Labour’s Fiona Connelly said the upper end of the charges proposed was “wildly disproportionate”.
Fine Gael councillor David Coffey said he did not think it was fair to penalise people for living close to the city, but said “the charges probably should be higher than they are now”. He knew of people using the cheap spaces for long-term “storage” of their cars but, he said, “increases should be incremental, year by year, not [done by] waiting 14 years and quadrupling the price”.
Green Party councillors Hazel Chu and Feljin Jose said they would not be in favour of a €225 permit charge but would support modest incremental increases in the costs.
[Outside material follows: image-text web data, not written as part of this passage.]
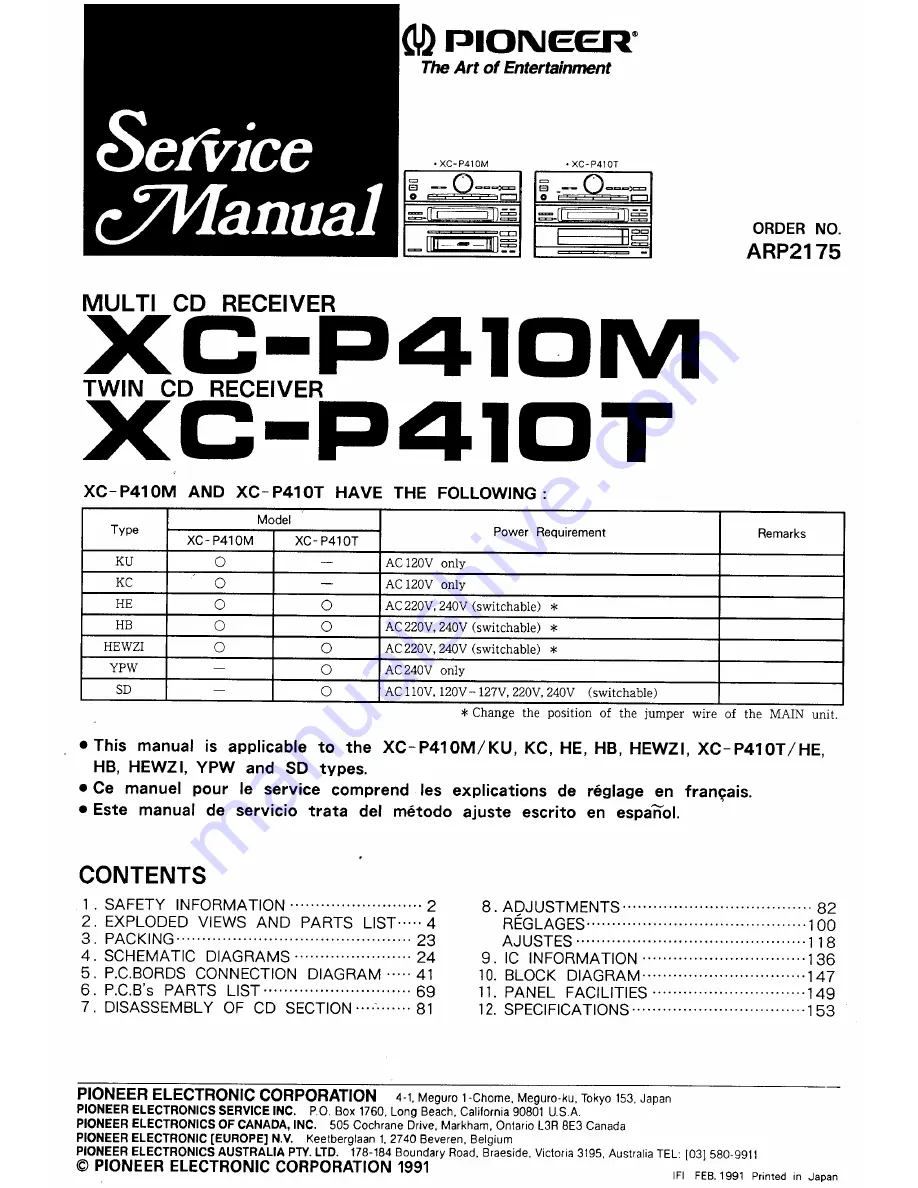 Pioneer XC-P410M Service Manual Download Page 1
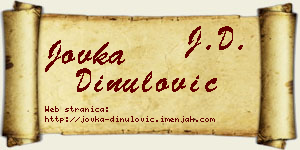 Jovka Dinulović vizit kartica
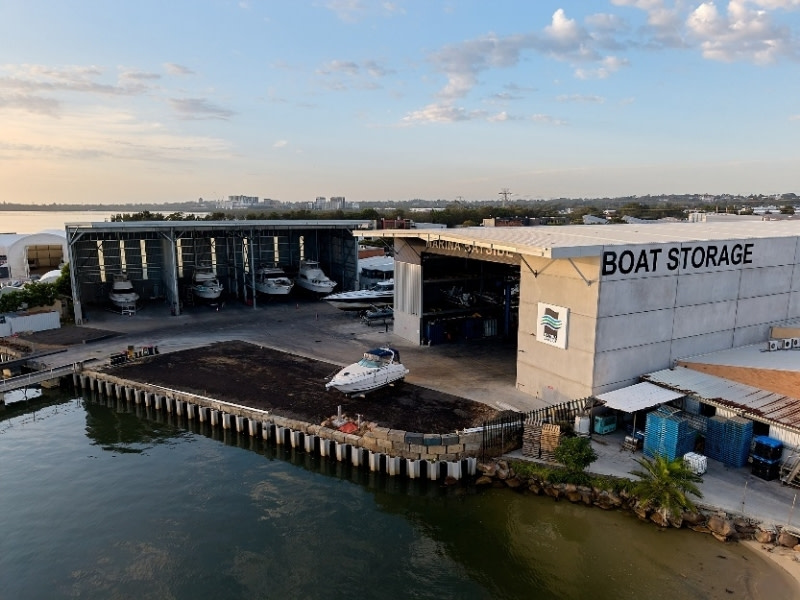 An aerial view of the new Marina Bayside facility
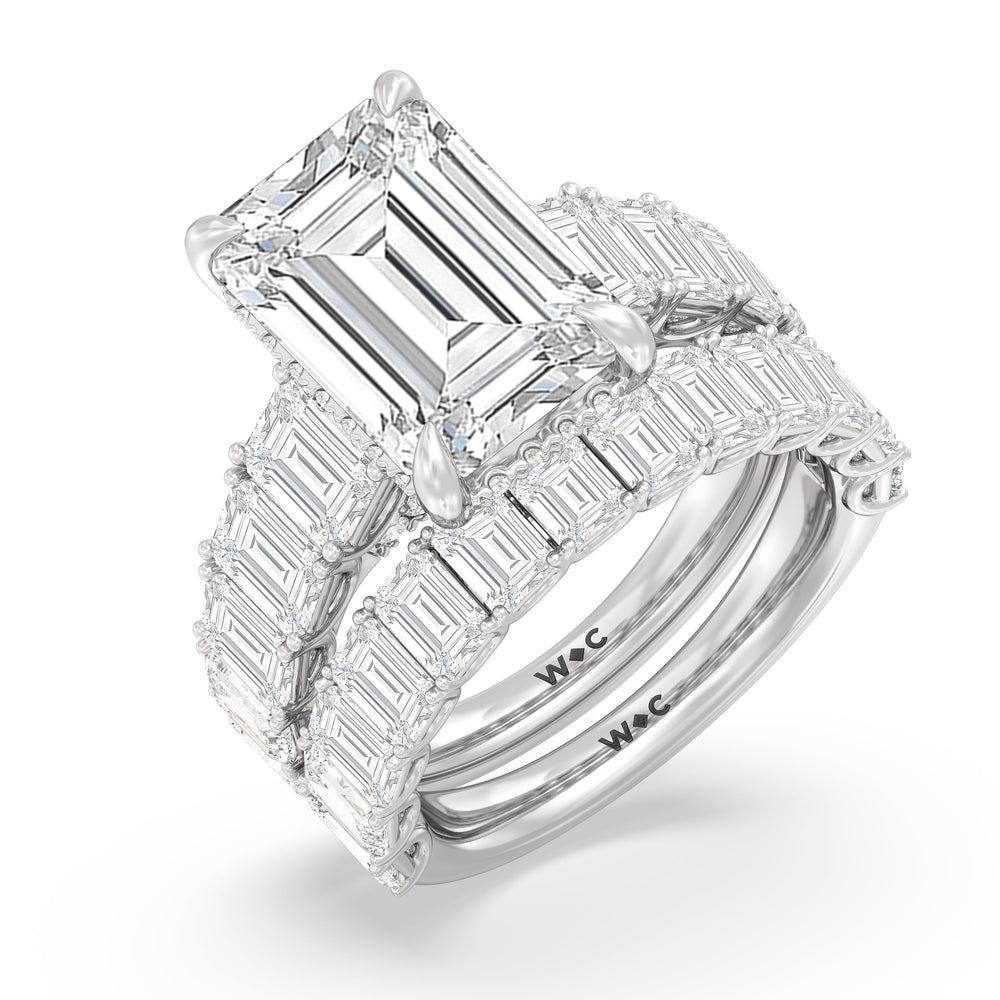 6.11ct Emerald Elegance Emerald Accent Hidden Halo Lab Diamond Engagement Ring with 9 3/4 Cut Diamond in 14KT Emerald view 4
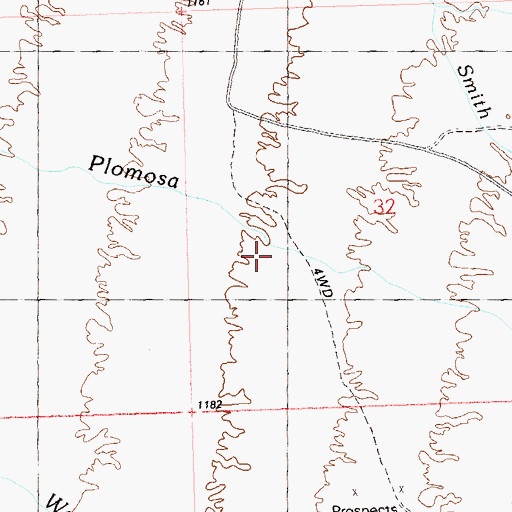 Topographic Map of Plomosa Wash, AZ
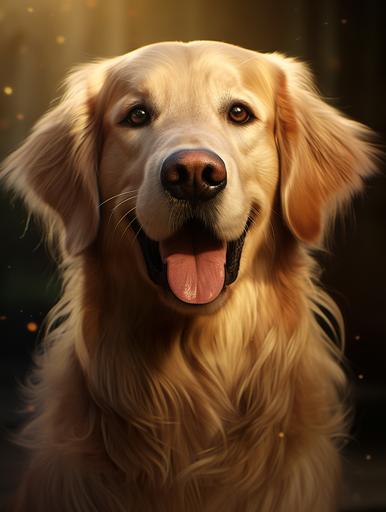 regal , Golden Retriever, face, perfect eyes, highly detailed, comprehensive cinematic, digital painting, 8k, cinematic lighting, best quality, highres, detailed work, post-processing, perfect result, realistic --ar 3:4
Fine Gael’s Patrick Kinsella and Colm O’Rourke also said a modest increase would be acceptable.
Committee chair, the Green Party’s Janet Horner, accepted that increasing parking permit charges was “immensely politically unpopular”, but said “for some people a €50 parking charge is way of reserving a bit of public space that they are making inaccessible to others who might need it more”.
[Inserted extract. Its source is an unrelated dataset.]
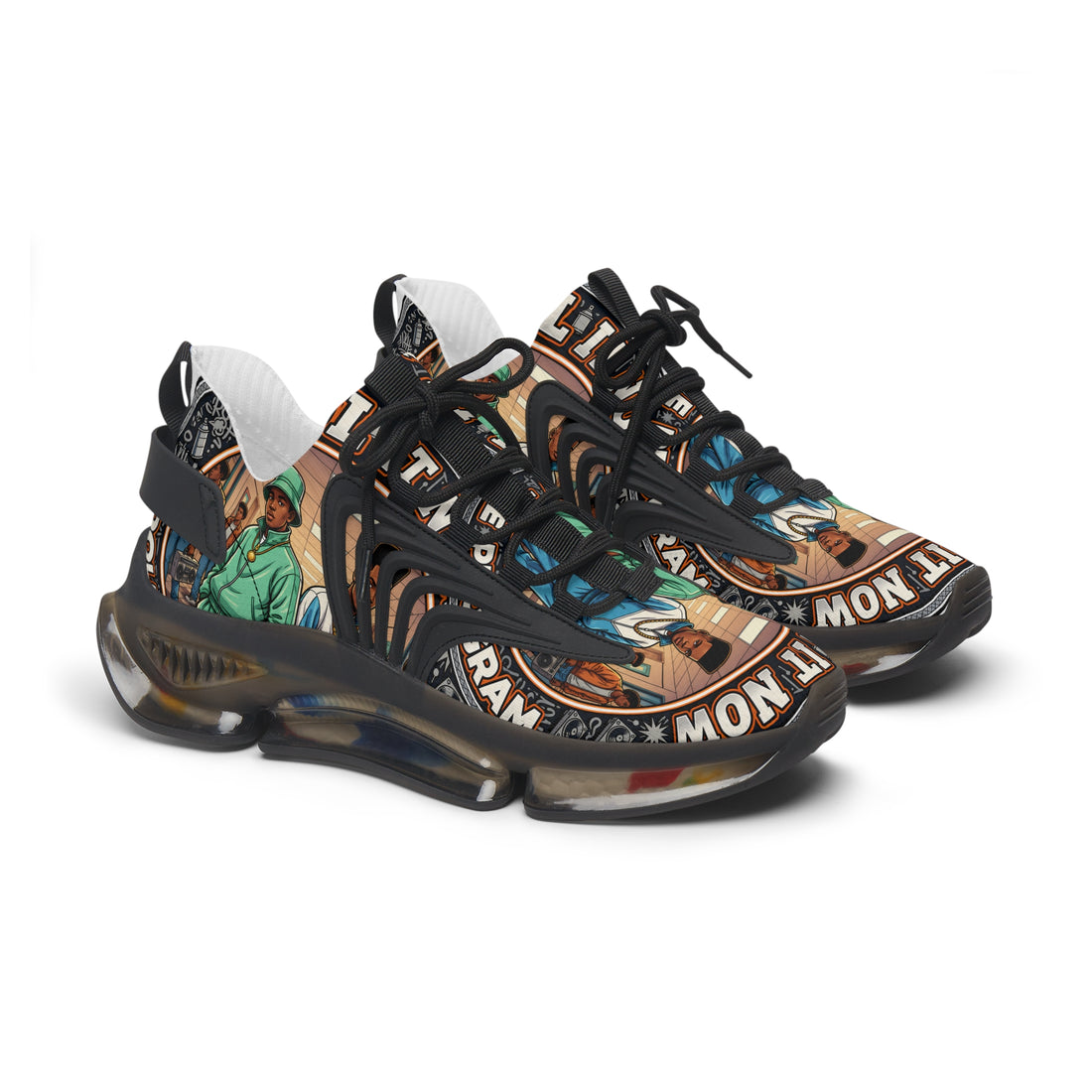 Men's Mesh Sneakers — Vintage 'Cool It Now' Graphic  Athletic Shoes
Jason Cullen of the Dublin Commuter Coalition pointed out that a bicycle storage space in a new “bike bunker” costs €100 per year, with one bunker holding six bikes but taking up the same space as a car. He said: “€225 is not an awful lot of money, and €40 is a pittance, compared with €600 for the same space for bikes.”
Mr O’Brien said there seemed to be an acceptance “there should be some increase” and he would return with a further report.